What was not said at former vice president Dick Cheney’s funeral on Thursday was as clear as anything that was.
It was a service in sepia. The more than 1,000 people who gathered in Washington National Cathedral — including two former presidents, four former vice presidents and congressional leaders from opposite sides of the aisle — were there to do more than mark the passing of an often controversial individual with whom many had profound disagreements. Their presence in the pews summoned images of a bygone era when raw partisanship was not what defined leadership.
Just as conspicuous was who wasn’t there: any leading figure from the current administration, which dominates the levers of power in today’s Washington as few have before it.
Instead, as if to underscore how much things have changed, President Donald Trump spent the morning sending out social media posts in which he accused a half-dozen Democratic lawmakers of “SEDITIOUS BEHAVIOR, punishable by DEATH!” All veterans of the military or intelligence, their supposed capital offense was recording a video in which they reminded current armed services members that they do not have to follow illegal orders.
Cheney, who died Nov. 3 at the age of 84, is widely regarded as the most powerful vice president in U.S. history.
His was a singular rise within the institutional and political structures of his day: at 34, the youngest White House chief of staff ever; a six-term Wyoming congressman and second-ranking leader of House Republicans; and a wartime defense secretary before joining George W. Bush’s presidential ticket in 2000.
The darkness of his perceived role in the Bush administration’s aggressive national security policies after 9/11 was such that he was often described as Darth Vader, the villain of the Star Wars franchise — a comparison Cheney said he didn’t mind.

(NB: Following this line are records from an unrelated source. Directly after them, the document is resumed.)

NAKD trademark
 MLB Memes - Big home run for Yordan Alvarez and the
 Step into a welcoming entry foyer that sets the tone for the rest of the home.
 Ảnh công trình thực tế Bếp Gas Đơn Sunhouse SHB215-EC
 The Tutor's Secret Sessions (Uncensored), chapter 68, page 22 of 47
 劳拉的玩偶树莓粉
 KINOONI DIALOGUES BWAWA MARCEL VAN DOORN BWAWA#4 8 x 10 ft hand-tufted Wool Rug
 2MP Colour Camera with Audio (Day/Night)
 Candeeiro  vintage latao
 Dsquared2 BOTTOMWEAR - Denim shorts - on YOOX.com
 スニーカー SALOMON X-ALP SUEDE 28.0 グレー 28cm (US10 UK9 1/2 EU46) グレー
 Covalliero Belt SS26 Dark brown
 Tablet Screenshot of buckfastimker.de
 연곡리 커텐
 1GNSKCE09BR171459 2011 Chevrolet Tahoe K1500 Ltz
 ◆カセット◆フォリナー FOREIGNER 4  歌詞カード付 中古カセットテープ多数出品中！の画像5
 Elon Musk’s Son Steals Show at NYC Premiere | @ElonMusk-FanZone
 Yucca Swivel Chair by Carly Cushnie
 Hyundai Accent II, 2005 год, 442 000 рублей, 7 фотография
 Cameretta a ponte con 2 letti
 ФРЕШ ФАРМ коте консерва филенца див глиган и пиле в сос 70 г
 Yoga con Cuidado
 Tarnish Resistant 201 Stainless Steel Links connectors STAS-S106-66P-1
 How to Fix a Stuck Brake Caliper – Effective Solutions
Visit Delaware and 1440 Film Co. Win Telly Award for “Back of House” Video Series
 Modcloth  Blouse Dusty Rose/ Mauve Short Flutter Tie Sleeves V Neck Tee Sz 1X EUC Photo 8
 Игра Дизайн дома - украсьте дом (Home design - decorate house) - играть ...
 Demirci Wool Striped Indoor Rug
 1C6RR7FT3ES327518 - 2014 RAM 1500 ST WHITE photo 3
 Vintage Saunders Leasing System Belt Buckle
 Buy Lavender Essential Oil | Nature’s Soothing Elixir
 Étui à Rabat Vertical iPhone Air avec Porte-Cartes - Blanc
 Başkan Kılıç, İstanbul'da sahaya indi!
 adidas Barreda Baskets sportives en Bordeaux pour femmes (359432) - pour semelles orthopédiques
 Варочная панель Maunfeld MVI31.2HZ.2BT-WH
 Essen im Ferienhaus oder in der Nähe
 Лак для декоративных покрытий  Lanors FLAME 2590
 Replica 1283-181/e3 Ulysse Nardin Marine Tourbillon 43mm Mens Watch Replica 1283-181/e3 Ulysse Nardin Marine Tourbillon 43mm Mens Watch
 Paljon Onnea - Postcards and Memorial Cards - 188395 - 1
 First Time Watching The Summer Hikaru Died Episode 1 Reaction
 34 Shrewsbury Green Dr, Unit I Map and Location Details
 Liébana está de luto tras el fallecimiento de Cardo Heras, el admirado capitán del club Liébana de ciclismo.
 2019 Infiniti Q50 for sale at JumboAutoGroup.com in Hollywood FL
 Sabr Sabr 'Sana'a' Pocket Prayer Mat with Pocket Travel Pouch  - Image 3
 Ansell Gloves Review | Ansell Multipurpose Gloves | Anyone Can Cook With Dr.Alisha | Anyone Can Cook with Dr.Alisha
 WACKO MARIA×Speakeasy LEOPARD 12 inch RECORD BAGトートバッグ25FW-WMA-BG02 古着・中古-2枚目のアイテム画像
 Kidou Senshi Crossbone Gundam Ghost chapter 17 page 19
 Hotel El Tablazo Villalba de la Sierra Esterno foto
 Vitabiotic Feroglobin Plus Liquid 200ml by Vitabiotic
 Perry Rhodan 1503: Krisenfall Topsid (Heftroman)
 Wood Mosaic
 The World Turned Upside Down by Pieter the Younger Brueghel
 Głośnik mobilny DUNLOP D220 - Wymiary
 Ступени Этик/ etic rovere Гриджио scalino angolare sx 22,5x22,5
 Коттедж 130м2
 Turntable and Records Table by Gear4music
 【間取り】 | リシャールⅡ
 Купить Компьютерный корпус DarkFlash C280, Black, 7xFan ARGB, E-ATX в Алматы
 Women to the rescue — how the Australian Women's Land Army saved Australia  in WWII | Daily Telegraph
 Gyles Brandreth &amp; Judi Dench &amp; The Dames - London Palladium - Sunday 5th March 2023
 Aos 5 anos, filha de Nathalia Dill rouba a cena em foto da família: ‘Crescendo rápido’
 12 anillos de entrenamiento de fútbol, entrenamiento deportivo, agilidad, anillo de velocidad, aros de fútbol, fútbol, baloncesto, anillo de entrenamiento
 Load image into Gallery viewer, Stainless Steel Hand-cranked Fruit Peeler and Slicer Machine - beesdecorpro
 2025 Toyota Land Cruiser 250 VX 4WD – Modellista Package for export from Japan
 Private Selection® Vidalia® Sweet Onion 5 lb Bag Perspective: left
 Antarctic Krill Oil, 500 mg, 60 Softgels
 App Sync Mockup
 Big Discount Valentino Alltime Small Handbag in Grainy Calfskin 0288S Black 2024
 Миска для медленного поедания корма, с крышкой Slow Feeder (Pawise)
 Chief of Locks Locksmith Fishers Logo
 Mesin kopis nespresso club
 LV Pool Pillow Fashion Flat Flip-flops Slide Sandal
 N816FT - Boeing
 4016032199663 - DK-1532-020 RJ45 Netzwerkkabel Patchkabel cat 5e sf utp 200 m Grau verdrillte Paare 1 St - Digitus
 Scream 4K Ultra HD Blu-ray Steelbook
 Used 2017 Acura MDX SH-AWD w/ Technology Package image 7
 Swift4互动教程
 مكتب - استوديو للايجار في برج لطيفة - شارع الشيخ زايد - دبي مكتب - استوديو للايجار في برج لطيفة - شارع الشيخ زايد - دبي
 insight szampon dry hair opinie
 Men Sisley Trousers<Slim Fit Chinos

In the final years of his life, his image underwent another transformation, as he joined his daughter, former congresswoman Liz Cheney (R-Wyoming), in breaking with their party to oppose Trump after the Jan. 6, 2021, attack by his supporters on the U.S. Capitol.
“In our nation’s 248-year history, there has never been an individual who is a greater threat to our republic than Donald Trump,” the elder Cheney said in a statement announcing he would be voting for the Democratic nominee, Vice President Kamala Harris, in the 2024 presidential election.
Trump has not made any public comment on Cheney’s death. But he has frequently denounced the Bush administration’s interventionist approach to national security, calling the Iraq War “a big fat mistake” based on a lie that Iraqi leader Saddam Hussein had weapons of mass destruction. After Cheney endorsed Harris, Trump responded on social media by calling him “the King of Endless, Nonsensical Wars, wasting Lives and Trillions of Dollars, just like Comrade Kamala Harris.”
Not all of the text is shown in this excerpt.